Occhio alla performance degli indici azionari Usa su base settimanale. Il sentiment negativo sui titoli tecnologici ha penalizzato soprattutto il Nasdaq.

A dispetto dell’ansia da referendum, l’indice Ftse Mib ha guadagnato questa settimana il 3,4%, concludendo la settimana migliore da quella terminata lo scorso 21 ottobre, quando il guadagno era stato del 3,47%. Il dax della Borsa di Francoforte ha perso -1,7% dall’inizio della settimana. Si è trattato del risultato peggiore dalla settimana terminata lo scorso 4 novembre, quando ha perso -4,09%. L’indice Ftse 100 della borsa di Londra ha ceduto -1,5%, terminando la prima settimana negativa in quattro settimane. Il Nikkei della borsa di Tokyo ha fatto +0,24%, riuscendo a chiudere in territorio positivo per la quarta sessione consecutiva: si tratta della prima volta dal 27 novembre del 2015. Lo Shanghai Composite ha chiuso la settimana in calo -0,55%, ma è in rialzo di quasi +8% nel trimestre in corso, e si avvia a concludere il trimestre migliore dal quarto trimestre del 2015, quando balzò del 15,93%.
Notevole allentamento delle tensioni sul mercato dei titoli di stato, con lo spread Italia-Germania a 10 anni sceso del 3,86% a 162,09 punti base, a fronte di tassi sui BTP in calo di oltre -6%, all’1,90% (un ribasso ben superiore è stato archiviato dai rendimenti dei Bund tedeschi, crollati di quasi -20% allo 0,28%).
dopo una perdita fino a -1,2%, l’indice Ftse Mib ha chiuso di fatto poco mosso, con una variazione di appena -0,07%, a 16.895,97 punti. E tra le banche, UniCredit è riuscita ad arroccarsi in territorio positivo. Trend decisamente diverso per il titolo MPS, che ha chiuso con un tonfo -5,39%, a 19,50 euro.

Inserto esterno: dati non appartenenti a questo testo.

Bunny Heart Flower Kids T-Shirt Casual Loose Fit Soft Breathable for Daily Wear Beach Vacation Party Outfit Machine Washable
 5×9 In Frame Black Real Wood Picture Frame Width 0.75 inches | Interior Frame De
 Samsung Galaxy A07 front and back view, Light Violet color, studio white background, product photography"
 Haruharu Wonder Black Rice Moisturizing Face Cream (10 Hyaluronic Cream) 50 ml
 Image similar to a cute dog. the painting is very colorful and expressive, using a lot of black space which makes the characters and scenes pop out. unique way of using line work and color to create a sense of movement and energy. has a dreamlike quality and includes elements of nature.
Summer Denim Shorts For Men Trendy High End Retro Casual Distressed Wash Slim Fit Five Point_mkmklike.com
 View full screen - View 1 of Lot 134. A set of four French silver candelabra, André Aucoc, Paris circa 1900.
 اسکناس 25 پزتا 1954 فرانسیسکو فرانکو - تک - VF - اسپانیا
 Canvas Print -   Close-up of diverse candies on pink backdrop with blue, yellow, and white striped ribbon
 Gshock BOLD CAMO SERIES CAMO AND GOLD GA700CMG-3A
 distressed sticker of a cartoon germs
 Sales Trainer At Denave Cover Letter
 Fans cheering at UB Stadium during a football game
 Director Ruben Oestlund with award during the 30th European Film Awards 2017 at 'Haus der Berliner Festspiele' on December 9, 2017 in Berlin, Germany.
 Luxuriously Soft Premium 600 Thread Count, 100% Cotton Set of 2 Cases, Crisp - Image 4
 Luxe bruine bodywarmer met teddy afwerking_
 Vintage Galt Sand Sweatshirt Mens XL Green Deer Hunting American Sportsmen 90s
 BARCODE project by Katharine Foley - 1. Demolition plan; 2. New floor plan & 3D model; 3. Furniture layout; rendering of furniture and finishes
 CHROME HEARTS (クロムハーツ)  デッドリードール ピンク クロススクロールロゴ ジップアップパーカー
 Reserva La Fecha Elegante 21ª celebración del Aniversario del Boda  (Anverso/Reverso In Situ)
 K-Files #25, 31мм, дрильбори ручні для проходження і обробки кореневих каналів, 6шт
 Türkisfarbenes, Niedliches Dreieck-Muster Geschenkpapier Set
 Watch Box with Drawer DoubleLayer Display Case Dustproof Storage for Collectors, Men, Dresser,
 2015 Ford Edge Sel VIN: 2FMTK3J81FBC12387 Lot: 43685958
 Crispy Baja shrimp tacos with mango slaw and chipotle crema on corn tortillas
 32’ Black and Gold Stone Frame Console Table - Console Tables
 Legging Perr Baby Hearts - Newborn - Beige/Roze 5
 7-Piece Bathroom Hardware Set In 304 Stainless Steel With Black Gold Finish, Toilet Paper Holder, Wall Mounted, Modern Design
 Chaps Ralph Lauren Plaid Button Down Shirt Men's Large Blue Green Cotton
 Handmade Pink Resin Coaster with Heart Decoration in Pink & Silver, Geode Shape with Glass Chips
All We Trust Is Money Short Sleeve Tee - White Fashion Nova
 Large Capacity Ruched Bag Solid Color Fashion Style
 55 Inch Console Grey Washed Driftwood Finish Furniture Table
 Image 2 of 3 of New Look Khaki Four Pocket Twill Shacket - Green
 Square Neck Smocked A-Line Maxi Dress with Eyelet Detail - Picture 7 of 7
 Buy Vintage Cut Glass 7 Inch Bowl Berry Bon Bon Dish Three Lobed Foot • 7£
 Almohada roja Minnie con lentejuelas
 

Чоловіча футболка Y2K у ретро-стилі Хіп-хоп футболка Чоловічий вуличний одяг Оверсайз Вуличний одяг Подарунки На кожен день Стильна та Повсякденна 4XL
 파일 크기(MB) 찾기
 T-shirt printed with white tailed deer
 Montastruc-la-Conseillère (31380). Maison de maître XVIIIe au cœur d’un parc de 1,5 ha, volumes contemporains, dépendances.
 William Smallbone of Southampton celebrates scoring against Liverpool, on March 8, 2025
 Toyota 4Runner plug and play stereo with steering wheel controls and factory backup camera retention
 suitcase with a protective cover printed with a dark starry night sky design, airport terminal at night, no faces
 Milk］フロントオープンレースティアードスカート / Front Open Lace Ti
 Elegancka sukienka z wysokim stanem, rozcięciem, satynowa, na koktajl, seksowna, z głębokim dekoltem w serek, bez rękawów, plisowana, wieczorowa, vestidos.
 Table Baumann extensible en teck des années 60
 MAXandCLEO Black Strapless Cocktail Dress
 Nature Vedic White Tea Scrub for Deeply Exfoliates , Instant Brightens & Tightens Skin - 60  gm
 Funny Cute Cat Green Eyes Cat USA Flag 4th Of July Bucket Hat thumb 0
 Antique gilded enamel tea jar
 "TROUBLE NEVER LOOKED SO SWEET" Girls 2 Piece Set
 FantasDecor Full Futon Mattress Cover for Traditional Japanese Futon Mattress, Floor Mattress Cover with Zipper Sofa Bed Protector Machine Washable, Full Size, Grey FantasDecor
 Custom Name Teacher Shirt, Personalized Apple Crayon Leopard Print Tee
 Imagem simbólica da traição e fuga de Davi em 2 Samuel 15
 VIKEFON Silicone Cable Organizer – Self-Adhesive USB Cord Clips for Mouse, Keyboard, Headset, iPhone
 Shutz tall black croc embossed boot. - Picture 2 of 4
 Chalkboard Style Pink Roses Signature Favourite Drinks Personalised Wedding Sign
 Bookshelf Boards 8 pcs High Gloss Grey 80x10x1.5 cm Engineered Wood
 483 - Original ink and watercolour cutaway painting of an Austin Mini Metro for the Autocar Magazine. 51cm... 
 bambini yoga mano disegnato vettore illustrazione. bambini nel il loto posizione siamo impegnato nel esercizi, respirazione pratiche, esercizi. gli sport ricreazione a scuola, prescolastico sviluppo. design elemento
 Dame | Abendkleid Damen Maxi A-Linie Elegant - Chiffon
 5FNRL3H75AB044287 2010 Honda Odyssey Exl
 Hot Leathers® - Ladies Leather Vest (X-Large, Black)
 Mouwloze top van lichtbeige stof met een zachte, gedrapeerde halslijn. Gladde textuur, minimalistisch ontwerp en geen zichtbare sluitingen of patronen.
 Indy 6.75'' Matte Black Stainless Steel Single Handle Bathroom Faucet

Sul mercato del reddito fisso, Spread stabile appena sotto l’area dei 170 punti base. Nessun grande cambiamento nemmeno per gli altri titoli di Stato dell’Eurozona. Lo Spread tra Btp e Bund decennali scambia a quota 168 punti base, con il rendimento del Btp italiano a 10 anni che si attesta al 2,03% e quello del suo omologo tedesco allo 0,35%.